## Task to carry out:
For this exercise, retype each line of the material below verbatim and omit any picture.

## Given information:
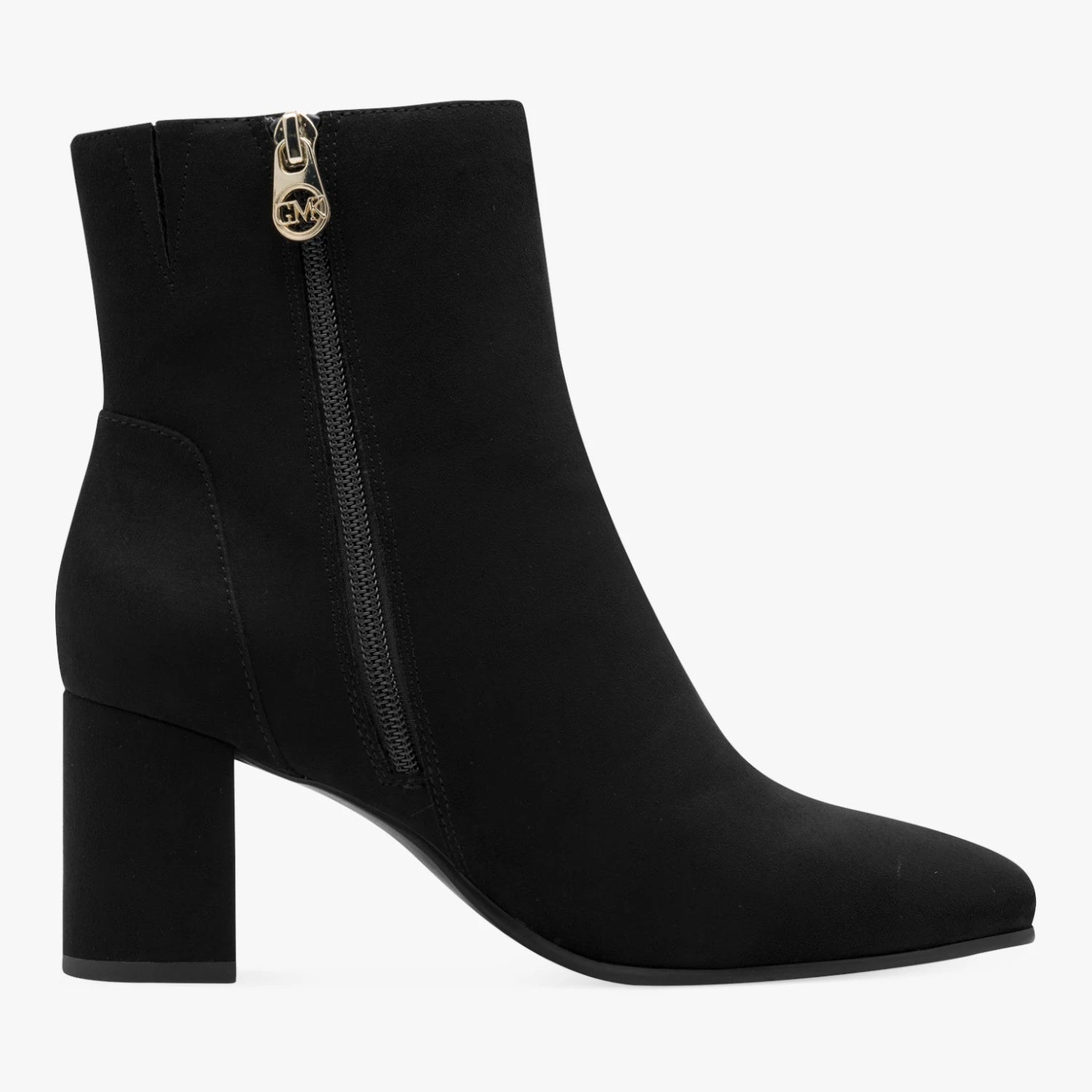Marco Tozzi GMK Black Suede-Effect Block Heel Ankle Boots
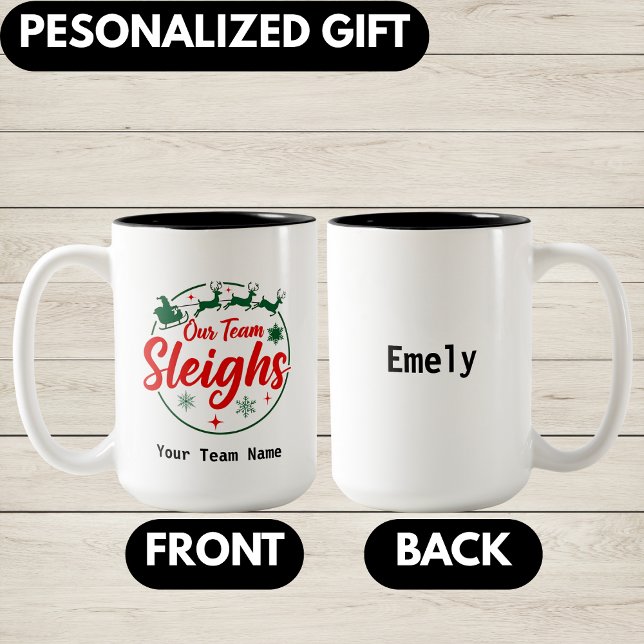 Taza Bicolor Navidad de equipo personalizada, Fiesta de Navidad (Subido por el creador)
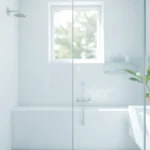 Show shower screens semi frameless in a modern bathroom, highlighting sleek design and bright atmosphere.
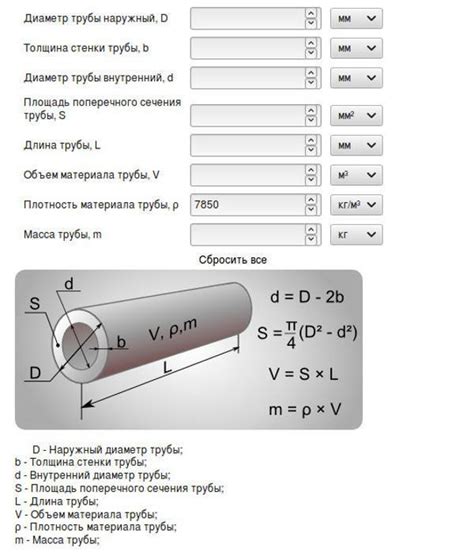 Определение теоретической массы трубы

## Answer for this exercise:
Marco Tozzi GMK Black Suede-Effect Block Heel Ankle Boots
 Taza Bicolor Navidad de equipo personalizada, Fiesta de Navidad (Subido por el creador)
 Show shower screens semi frameless in a modern bathroom, highlighting sleek design and bright atmosphere.
 Определение теоретической массы трубы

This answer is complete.